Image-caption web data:
━━━━━━━━━━━━━━━━━━━━━━━━━━━━━━

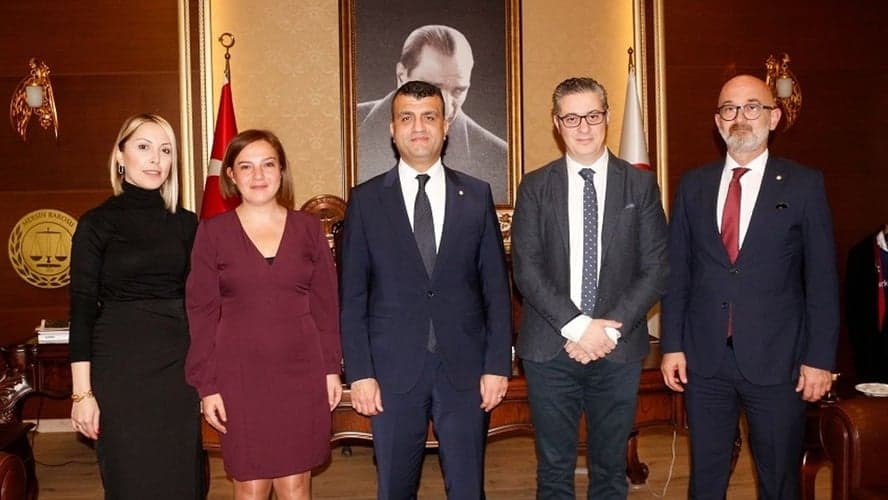 DEPREMZEDE ÇOCUKLARA VE BAKIM VERENLERE ADLİ YARDIM DESTEĞİ VERİLECEK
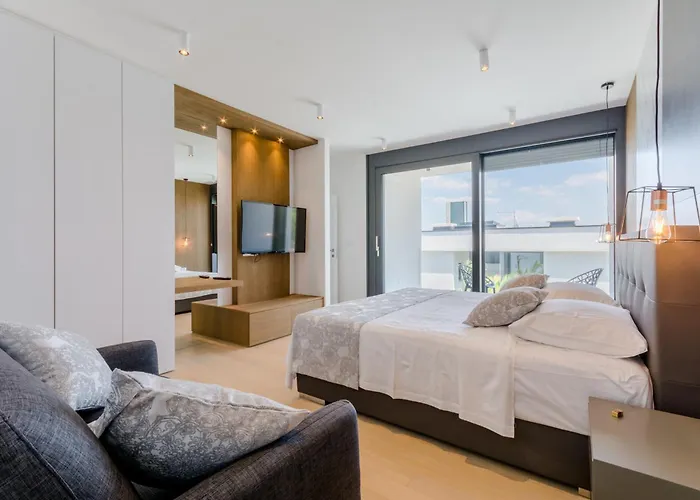 Luxury Complex 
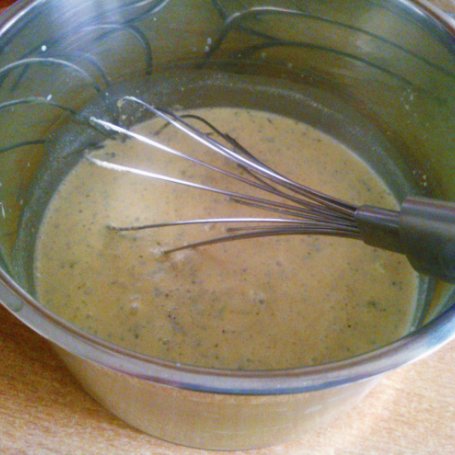 Krok 2 - Makaron z parówkami w sosie serowym. foto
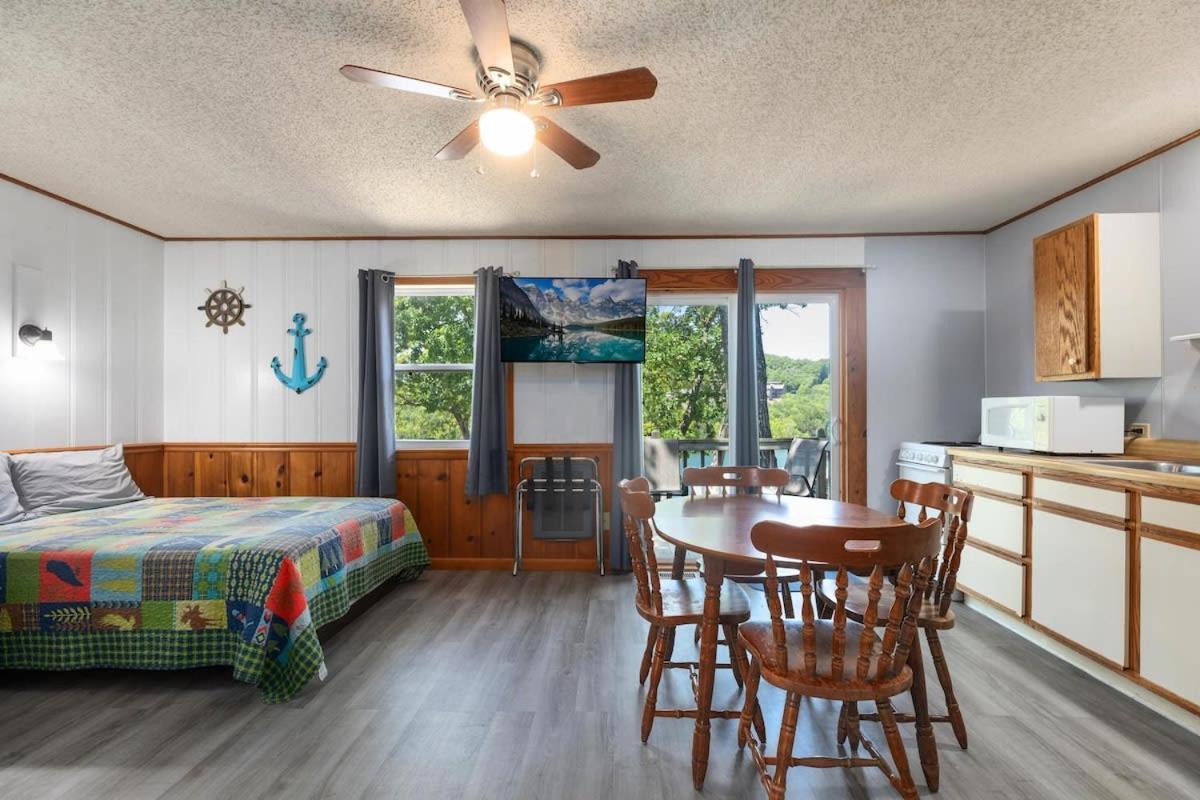 Artilla Cove Cabin 4 - Lake Views - Outdoor Pool Branson Exterior photo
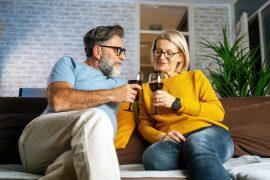 2025/07/wine_heart-health_one-glass_couple_1m.jpg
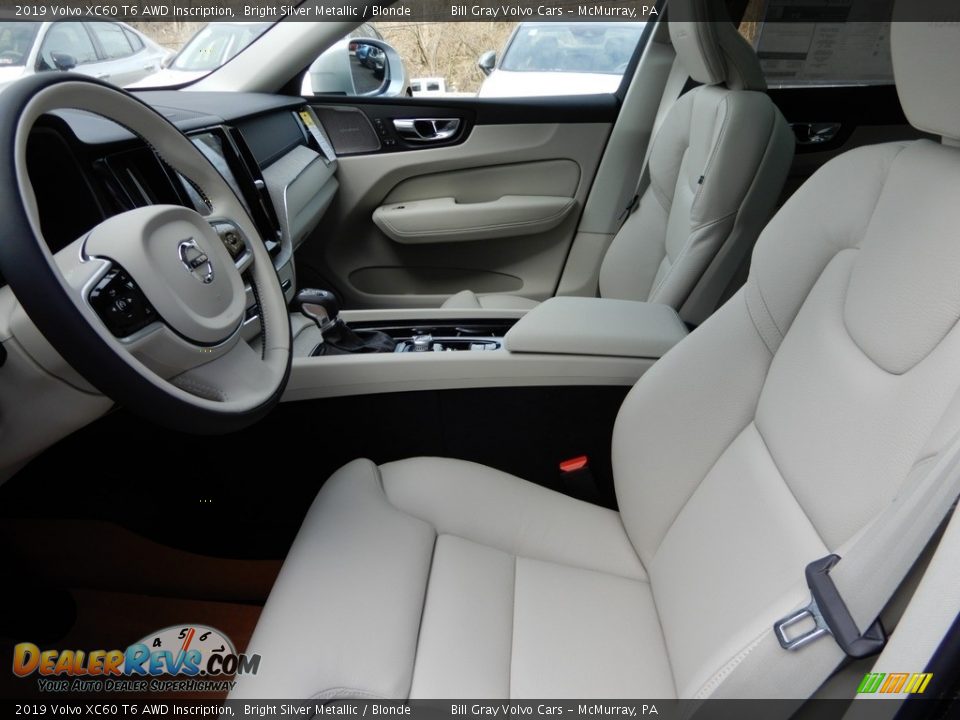 Front Seat of 2019 Volvo XC60 T6 AWD Inscription Photo #7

━━━━━━━━━━━━━━━━━━━━━━━━━━━━━━

> **TASK**
Please copy the entries in full. Leave each image out.

> **ANSWER TO THE EXERCISE**
 DEPREMZEDE ÇOCUKLARA VE BAKIM VERENLERE ADLİ YARDIM DESTEĞİ VERİLECEK
 Luxury Complex 
 Krok 2 - Makaron z parówkami w sosie serowym. foto
 Artilla Cove Cabin 4 - Lake Views - Outdoor Pool Branson Exterior photo
 2025/07/wine_heart-health_one-glass_couple_1m.jpg
 Front Seat of 2019 Volvo XC60 T6 AWD Inscription Photo #7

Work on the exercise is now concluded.